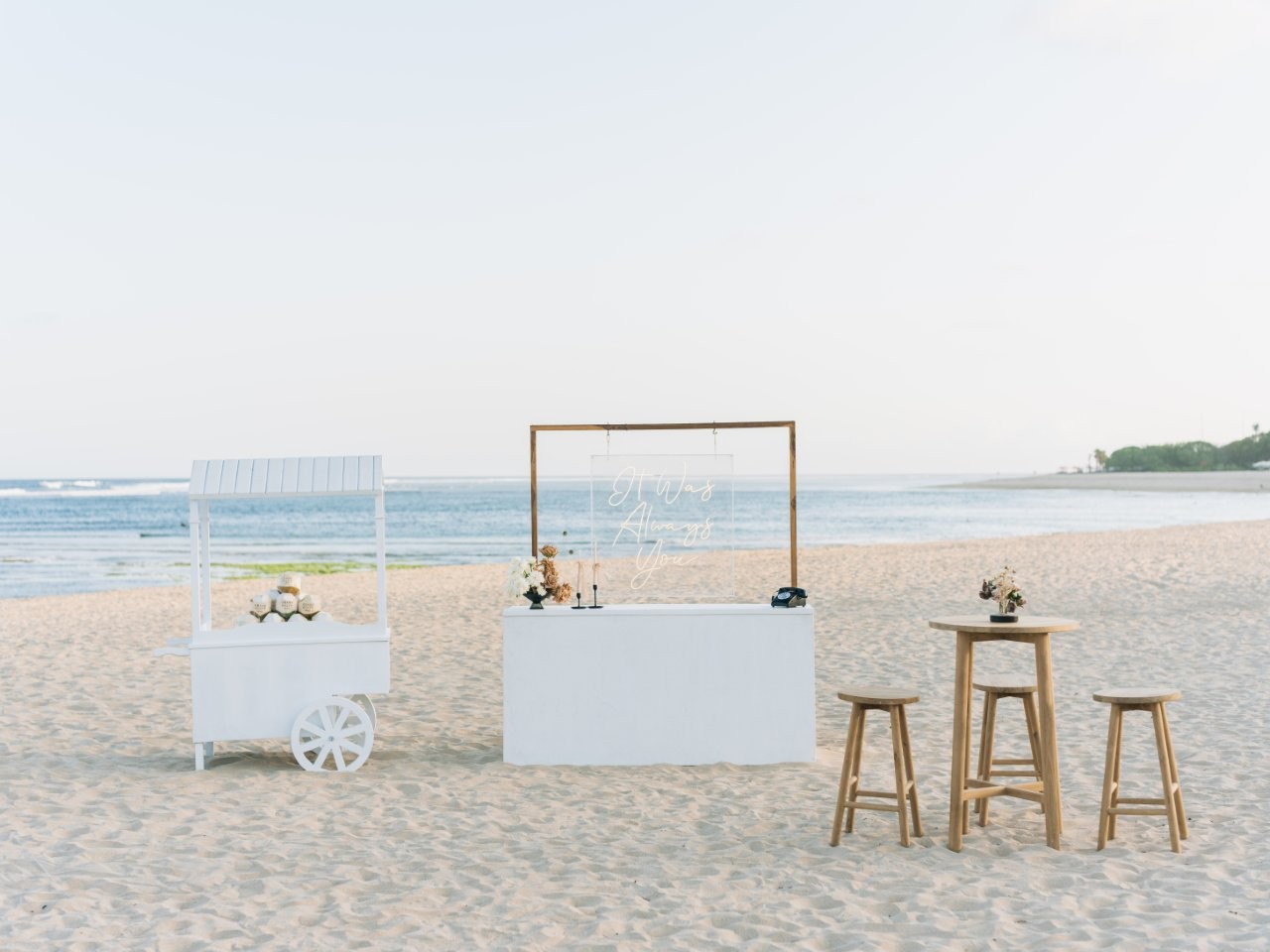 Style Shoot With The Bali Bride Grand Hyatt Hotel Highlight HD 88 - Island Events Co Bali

━━━━━━━━

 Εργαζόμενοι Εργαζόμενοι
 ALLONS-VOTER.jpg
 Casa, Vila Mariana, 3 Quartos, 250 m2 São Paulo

━━━━━━━━

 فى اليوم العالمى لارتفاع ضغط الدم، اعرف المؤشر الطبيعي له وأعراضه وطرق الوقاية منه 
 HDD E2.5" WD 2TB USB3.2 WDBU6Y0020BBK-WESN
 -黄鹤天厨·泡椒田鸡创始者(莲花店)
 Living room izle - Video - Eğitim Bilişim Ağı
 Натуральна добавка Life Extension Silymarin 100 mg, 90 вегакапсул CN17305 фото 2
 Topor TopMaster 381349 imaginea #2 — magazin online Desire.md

━━━━━━━━

From the records above, quote only the lines running from the line with "ALLONS-VOTER.jpg" to the line with "Casa, Vila Mariana, 3", both lines included.

## Answer to the problem
 ALLONS-VOTER.jpg
 Casa, Vila Mariana, 3 Quartos, 250 m2 São Paulo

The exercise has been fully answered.